Data -
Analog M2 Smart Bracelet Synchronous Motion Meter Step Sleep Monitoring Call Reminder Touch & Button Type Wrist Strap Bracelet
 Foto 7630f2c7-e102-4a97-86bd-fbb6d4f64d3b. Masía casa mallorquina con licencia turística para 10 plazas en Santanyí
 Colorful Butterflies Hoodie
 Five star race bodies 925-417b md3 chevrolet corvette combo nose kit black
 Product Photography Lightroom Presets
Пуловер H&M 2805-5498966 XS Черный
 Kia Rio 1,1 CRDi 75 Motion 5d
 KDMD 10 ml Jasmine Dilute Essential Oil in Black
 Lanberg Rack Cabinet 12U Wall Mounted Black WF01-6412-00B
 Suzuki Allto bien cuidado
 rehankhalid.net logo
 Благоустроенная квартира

Activity - What should come out is the exact run of lines from the one holding "rehankhalid.net logo" through the end of the records above, and nothing besides.

Problem solution -
 rehankhalid.net logo
 Благоустроенная квартира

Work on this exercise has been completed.